[Records from a data source]
━━━━━━━━━━━━━━━━━━━━━━━━━━━━━━

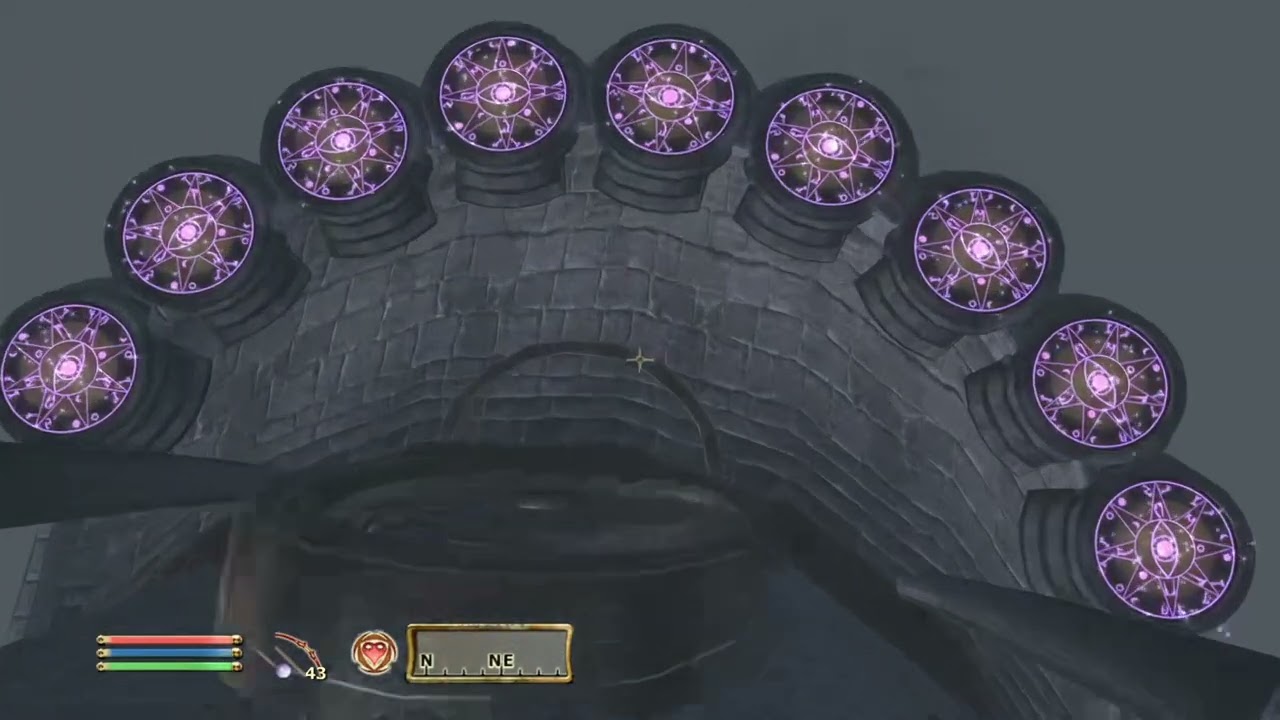 The Elder Scrolls IV: Oblivion Longplay - Part 96 - Mephala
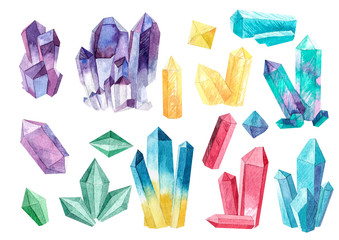 crystal set of watercolors, jewelry, jeweler, jeweler profession, crystal for printing, for cards and print prints on clothes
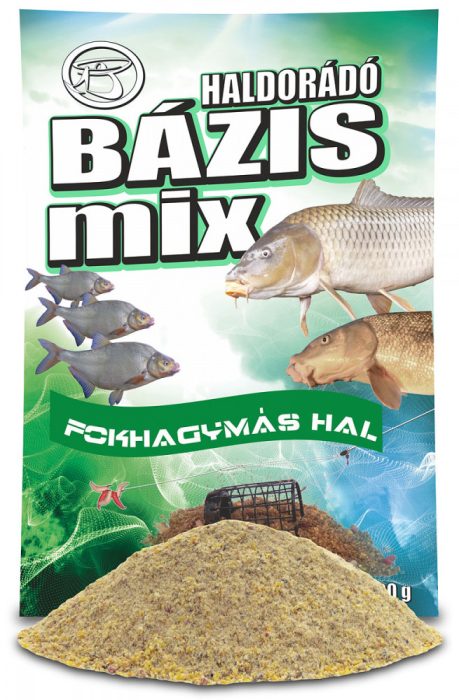 Haldorádó Bázis Mix - Fokhagymás Hal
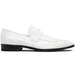 Marco_Di_Milano Fangio White Leather Luxury Shoe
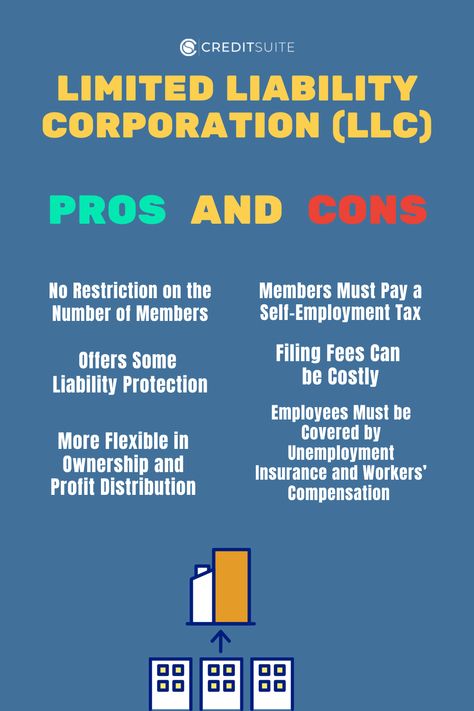 Considering an LLC for your business structure? Check out the Pro's and Con's of using an LLC. Let us know in the comments if you missed anything! #startup #llc #business #businesstips #startabusiness How To Start An Llc, Llc Business Tips, Llc Ideas, Starting An Llc, Hotshot Trucking, Llc Formation, Startup Business Plan Template, Security Office, Business Plan Example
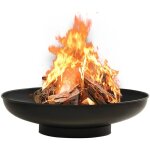 Foyer 80 cm acier vidaxl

━━━━━━━━━━━━━━━━━━━━━━━━━━━━━━

:: Task ::
From the first line through the line with "Haldorádó Bázis Mix - Fokhagymás Hal", output those lines of the entries above exactly, and nothing else, with the pictures left out.

:: Finished exercise ::
 The Elder Scrolls IV: Oblivion Longplay - Part 96 - Mephala
 crystal set of watercolors, jewelry, jeweler, jeweler profession, crystal for printing, for cards and print prints on clothes
 Haldorádó Bázis Mix - Fokhagymás Hal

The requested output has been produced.